The brother-knights moved forward. Draga’s heart began to race, and it seemed as if his steps were easier now that he was prepared for imminent battle.

A short ways ahead the Teutonic Knights and their auxiliaries were halted by the scouts, and the five Prussian scouts guided them forward in silence. The three score warriors halted again, and this time the lead scout, an elderly Prussian with gray in his hair and beard, pointed to a clearing. There sat a collection of longhouses, their roofs thatched with bundled sticks, their sides made of stacked logs. Some of the hovels were dug into the earth, the roof the only thing sticking up from the ground. Surrounding the buildings were pens with goats.
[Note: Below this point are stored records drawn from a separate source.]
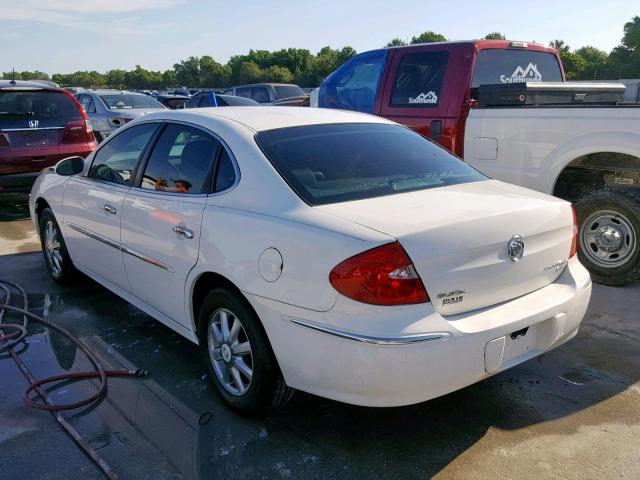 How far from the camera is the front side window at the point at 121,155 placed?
161 inches

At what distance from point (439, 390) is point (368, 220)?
79 cm

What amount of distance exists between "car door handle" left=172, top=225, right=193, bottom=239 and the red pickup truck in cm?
328

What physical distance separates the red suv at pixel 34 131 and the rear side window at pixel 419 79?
4.88 m

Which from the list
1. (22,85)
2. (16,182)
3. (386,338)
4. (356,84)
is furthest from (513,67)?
(22,85)

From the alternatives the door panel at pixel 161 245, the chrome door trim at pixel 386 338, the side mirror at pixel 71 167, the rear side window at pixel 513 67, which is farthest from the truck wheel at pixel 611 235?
the side mirror at pixel 71 167

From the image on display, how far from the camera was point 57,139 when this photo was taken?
8.55 metres

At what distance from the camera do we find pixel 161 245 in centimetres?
352

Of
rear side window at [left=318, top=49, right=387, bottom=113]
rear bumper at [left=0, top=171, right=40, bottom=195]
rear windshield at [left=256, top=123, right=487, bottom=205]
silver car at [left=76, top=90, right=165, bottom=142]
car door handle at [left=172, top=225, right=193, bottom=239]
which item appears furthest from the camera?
silver car at [left=76, top=90, right=165, bottom=142]

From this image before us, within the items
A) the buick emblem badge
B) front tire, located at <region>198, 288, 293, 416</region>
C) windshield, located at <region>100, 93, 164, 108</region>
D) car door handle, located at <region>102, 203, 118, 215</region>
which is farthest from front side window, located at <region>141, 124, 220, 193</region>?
windshield, located at <region>100, 93, 164, 108</region>

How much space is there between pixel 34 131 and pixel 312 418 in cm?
696

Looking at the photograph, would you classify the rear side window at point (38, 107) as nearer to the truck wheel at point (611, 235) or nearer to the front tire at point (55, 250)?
the front tire at point (55, 250)

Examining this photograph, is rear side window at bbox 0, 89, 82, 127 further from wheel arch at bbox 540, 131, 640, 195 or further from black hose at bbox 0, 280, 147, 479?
wheel arch at bbox 540, 131, 640, 195

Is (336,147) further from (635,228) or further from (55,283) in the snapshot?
(55,283)

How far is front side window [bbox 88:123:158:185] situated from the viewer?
4082 millimetres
A large stream meandered by on the far side of the village from where Draga and the other Teutonic Knights now hid, and Draga could see where the Yatwingians had set up fish catches.
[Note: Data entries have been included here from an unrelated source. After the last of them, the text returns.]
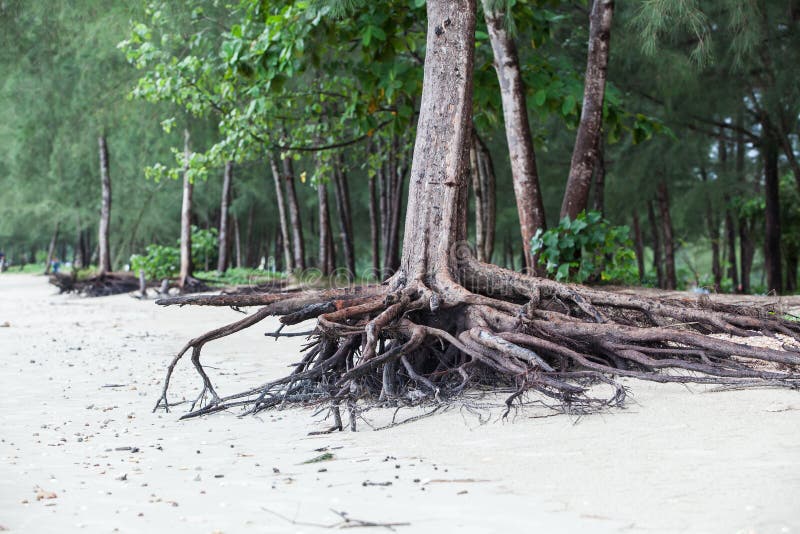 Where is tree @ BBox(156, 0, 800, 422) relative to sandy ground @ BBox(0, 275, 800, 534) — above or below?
above

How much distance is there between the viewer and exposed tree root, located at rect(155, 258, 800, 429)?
16.7 feet

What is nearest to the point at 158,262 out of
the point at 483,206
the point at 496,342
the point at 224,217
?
the point at 224,217

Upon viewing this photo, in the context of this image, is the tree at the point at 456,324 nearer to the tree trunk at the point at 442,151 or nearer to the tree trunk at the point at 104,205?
the tree trunk at the point at 442,151

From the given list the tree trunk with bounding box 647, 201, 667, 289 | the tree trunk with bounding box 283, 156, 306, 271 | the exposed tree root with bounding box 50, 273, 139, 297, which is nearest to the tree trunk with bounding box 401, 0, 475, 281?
the tree trunk with bounding box 283, 156, 306, 271

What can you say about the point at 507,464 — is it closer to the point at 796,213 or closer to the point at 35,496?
the point at 35,496

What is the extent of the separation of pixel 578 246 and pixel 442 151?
2532mm

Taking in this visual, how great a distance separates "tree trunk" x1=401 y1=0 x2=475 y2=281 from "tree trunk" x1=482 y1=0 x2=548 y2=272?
2260 millimetres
Other than the shuffling of the knights and the auxiliaries, the little village was peaceful. Almost idyllic. In another lifetime, Draga thought, he could have lived in such a place and been happy. And, he thought, they were bringing the sword and fire to this quiet place.


And death.

And screams.

Draga shook his head as Gisilbehrt spoke.

“Spread out and surround the village,” Gisilbehrt said. “Let no one escape. Only kill if attacked.” Gisilbehrt met eyes with Herk. “And no rape.”

Herk nodded, but Draga could tell that something had just passed between the two men. Probably an old quarrel, Draga thought. Heathens, it was said, were known to be more apt rape their female victims.

Draga knew that Christian armies could be just as lecherous.

In short order the knights and auxiliaries spread out into a rough semi-circle on the forest’s edge. Gisilbehrt looked up and down his line, his left hand up, his sword in his right.

Gisilbehrt’s left hand fell, and the warriors of the Teutonic Order broke from the cover of the trees and charged into the village. War cries from three score throats crashed upon the serenity of the village.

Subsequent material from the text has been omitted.